## anonymous 4 years ago Derivative help.

1. anonymous

d/dx (cosx)/e^x)

2. anonymous

3. amistre64

Dx(cos(x)*e^(-x)) and product rule it

4. anonymous

yeah, either use the product rule or the quotient rule (which in fact are equivalent)

5. anonymous

I got the answer but it's different what khanAcademy is showing me, so please give me the exact answer so that i can verify it.

6. anonymous

d/dx((cos(x))/e^x) = -e^(-x) (sin(x)+cos(x))

7. amistre64

cos'(x)*e^(-x) + cos(x)*e'^(-x) -sin(x)*e^(-x) - cos(x)*e^(-x)

8. anonymous

$\frac{d}{dx} \left(\frac{\cos (x)}{e^x}\right) = \frac{d}{dx} e^{-x}\cos (x) = e^{-x}(-\sin (x)) + \cos (x)(-e^{-x}) = -e^{-x} (\sin (x) + \cos (x))$

9. anonymous

hmm it wrote it off the page

10. anonymous

$\frac{d}{dx} \left(\frac{\cos (x)}{e^x}\right) = \frac{d}{dx} e^{-x}\cos (x)$ $= e^{-x}(-\sin (x)) + \cos (x)(-e^{-x})$ $= -e^{-x} (\sin (x) + \cos (x))$

11. anonymous

In the second step why the second term is e^-x, why you did not derviate it ?

12. anonymous

the derivative of $e^{-x}$ is $-e^{-x}$

13. anonymous

but i learned the derivative of e^x is e^x

14. anonymous

this is what khan academy says the answer is

15. anonymous

16. anonymous

yes that's right.
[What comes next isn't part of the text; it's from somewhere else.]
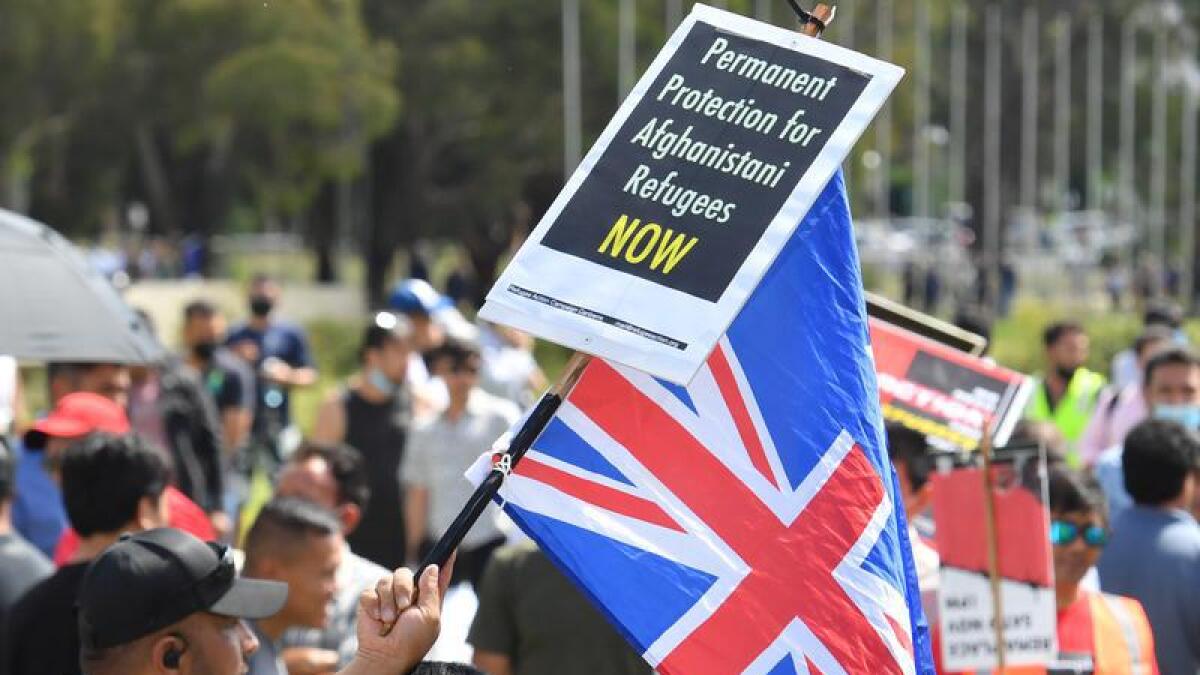 Hundreds of Afghan asylum seekers rally outside Parliament House.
Let's show, usin gthe chain rule that the derivative of e^{-x} is -e^{-x}. Find the derivative of $y = e^{-x}.$ Let t=-x. Then y = e^t $\frac{dy}{dx} = \frac{dy}{dt}\frac{dt}{dx} = e^{t}(-1) = e^{-x}(-1) = -e^{-x}$

17. anonymous

Yes, notice that answer a) is exactly the same as $-e^{-x} (\sin (x) + \cos (x))$

18. anonymous

That answer is likely derived from the quotient rule, which can be re-written as the product rule by making the requirement of multiplying by e^{-x} rather than dividing by e^x. Notice that this is equivalent.

19. anonymous

Thanks a lot, i understood it.